Книга о начале войны. Черновые отрывки. Глава "Фрау новых нарожают" Часть 15.
… По поводу сгоревшей школы. У Винцера описано, что она его роте, которую выдвинули на место возможного прорыва русских, закрывала обзор. В следующем абзаце оказалось, что за школой накапливались русские перед тем, как идти на прорыв. Когда школу удалось поджечь, оказалось, что ее пламя осветило местность и немецкие пехотинцы, которым была придана рота противотанковых пушек Винцера, стали бурно выражать свою радость по этому случаю. Теперь стало светло, как днем. Стало не так страшно.
Проблема вермахта была в том, что он ночью воевать не умел. А советские войска, напротив, как отмечают единодушно все немцы, оставившие воспоминания, даже предпочитали ночной бой дневному. И наши тоже вспоминали, что немец ночью воевать не любит. Почему? Да потому, что ночной бой – один из самых сложных видов боя. Он требует особо подготовленного командира, который умеет организовывать этот вид боя. И особо подготовленного бойца, который в сложной обстановке способен принимать самостоятельные решения.
Парадокс. Наши командиры, особенно низшего и среднего звена, как утверждают битые фрицы, были плохо подготовлены и не умели принимать самостоятельные решения, но умели воевать ночью. А немецкие – все отлично подготовленные, все из себя самостоятельные и инициативные, но с наступлением темноты у них прекращалась война и начинался мандраж до утра.
Такая же картина с боем в условиях лесистой местности. Немцы лесов избегали, они их панически боялись. А умение русских воевать в лесу объясняли тем, что наши солдаты – дети природы, они к лесам привычны и чувствуют себя в них, как дома. Т.е., мало того, что в Красной Армии воевали орды монголов, так еще, кроме монголов, были орды эвенкийских охотников, выросших в тайге, разбавленных славянами, сплошь лесниками и егерями.

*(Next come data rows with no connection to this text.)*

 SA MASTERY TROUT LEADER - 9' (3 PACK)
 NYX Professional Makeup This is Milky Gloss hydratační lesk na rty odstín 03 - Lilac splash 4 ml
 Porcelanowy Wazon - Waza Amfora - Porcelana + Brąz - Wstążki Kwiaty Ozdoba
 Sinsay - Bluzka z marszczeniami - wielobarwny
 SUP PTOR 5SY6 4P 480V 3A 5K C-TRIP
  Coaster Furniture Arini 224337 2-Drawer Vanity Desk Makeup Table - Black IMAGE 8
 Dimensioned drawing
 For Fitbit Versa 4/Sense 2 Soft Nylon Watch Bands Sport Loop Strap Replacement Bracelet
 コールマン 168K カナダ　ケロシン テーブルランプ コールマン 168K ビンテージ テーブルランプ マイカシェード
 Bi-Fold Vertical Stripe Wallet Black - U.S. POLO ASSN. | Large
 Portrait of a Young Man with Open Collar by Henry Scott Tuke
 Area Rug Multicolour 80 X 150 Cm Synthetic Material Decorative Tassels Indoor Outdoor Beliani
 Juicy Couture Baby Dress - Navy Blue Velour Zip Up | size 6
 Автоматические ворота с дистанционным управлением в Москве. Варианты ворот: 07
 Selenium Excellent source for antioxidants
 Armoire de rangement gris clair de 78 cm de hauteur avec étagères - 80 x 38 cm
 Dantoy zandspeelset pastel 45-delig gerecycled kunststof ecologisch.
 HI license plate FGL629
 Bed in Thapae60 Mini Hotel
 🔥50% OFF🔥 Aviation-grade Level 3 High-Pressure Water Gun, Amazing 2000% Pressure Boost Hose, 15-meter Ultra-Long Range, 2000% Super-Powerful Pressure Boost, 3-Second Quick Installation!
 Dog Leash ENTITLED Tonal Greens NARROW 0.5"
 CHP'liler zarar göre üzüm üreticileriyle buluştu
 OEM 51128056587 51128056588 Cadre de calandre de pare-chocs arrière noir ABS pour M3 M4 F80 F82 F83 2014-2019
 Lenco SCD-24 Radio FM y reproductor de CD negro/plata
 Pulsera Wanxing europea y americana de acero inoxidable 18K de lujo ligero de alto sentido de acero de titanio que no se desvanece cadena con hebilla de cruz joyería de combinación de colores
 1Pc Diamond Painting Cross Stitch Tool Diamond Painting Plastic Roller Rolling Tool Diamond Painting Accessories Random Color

Конечно, всё это абсолютная ерунда насчет «детей природы». Даже русский крестьянин задолго до революции не жил охотой и собирательством, у абсолютного большинства русского крестьянства отношения с лесом ненамного отличались от немецкого крестьянина. Даже в Сибири. Поселки сибирских охотников терялись среди массы сел земледельцев. Абсолютное большинство сельского населения СССР с лесом контактировало только в виде заготовки дров, да сбора детьми и женщинами ягод и грибов. У нашего мужика элементарно не было времени на барскую забаву бегать по полям и лугам с ружьишком. Сибиряки-охотники – это мизер в общей массе бойцов Красной Армии. Тем более, среди командиров.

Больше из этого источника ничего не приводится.